If you think the Pittsburgh peregrines’ life is a soap opera, they’re not the only ones.
My mother keeps me informed about a pair of bald eagles with their own Peyton Place at Norfolk Botanical Garden in Virginia. Their nest has an Eagle Cam so people can watch the drama — and there’s been plenty of it.
This pair has nested at the Garden for seven years, but this year after the female had laid two eggs a 4-year-old female intruder arrived, chased away the resident female and made herself charming to the resident male. The eggs got too cold to be viable and had to be removed from the nest. After a brief fling, the intruder left and the original pair reunited.
It looked like life was back to normal when the original female laid two more eggs, but those eggs bit the dust too. Something scary made her jump around in the nest at night and she stepped on them. Oh no! They cracked! She ate them the next day.
She laid one more egg (her third try this year) and has been incubating it since March 22.
So you see, life can be complicated even if you’re an eagle.
Read more and watch the videos at:
- Eagle cam
- Coastal Journal by Mary Reid Barrow in the Norfolk Pilot Online
- Pictures, including the one above
- Wildlife watching in Virginia
(snapshot from the Norfolk Botanical Garden eaglecam)

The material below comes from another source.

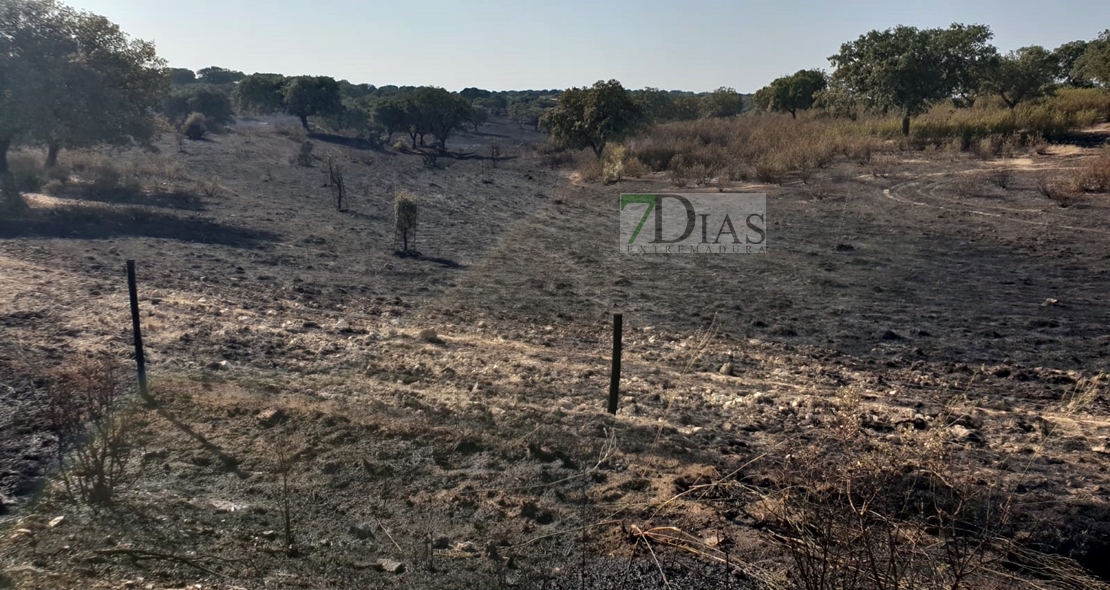 Los bomberos evitan que un incendio forestal afecte a la Sierra de San Pedro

UPDATE, late May 2008: The single egg hatched but in mid-May the eaglecam showed that the lone eaglet had a growth on his beak. Every day the growth got larger. By May 22, the Virginia Department of Game and Inland Fisheries decided the bird needed to be examined. When they pulled the eaglet from the nest, they discovered the growth had started to deform his beak. He was sent to the Wildlife Center of Virginia for treatment and possible surgery.
Tests showed the eaglet has avian pox, a common bird disease (no danger to people). He has been getting excellent treatment – even an MRI! – and receiving a regimen of drugs to help him get better. Meanwhile the growth has shrunk considerably, making future surgery a safer option though his recovery has no guarantee. He sure is one high-tech eagle!
Back at Norfolk Botanical Garden, his parents consider the year a loss. They continue to stay at the Garden and will undoubtedly try again next year.
I was looking at the site you talked about with the eagle cam, and I noticed they also have a falcon cam. But it doesn’t specify if it’s a peregrine falcon. Do you know what it is? I’m so excited to be able to watch these birds.
Yes, the falcon cams are at peregrine falcon nests. Glad you enjoy the cams.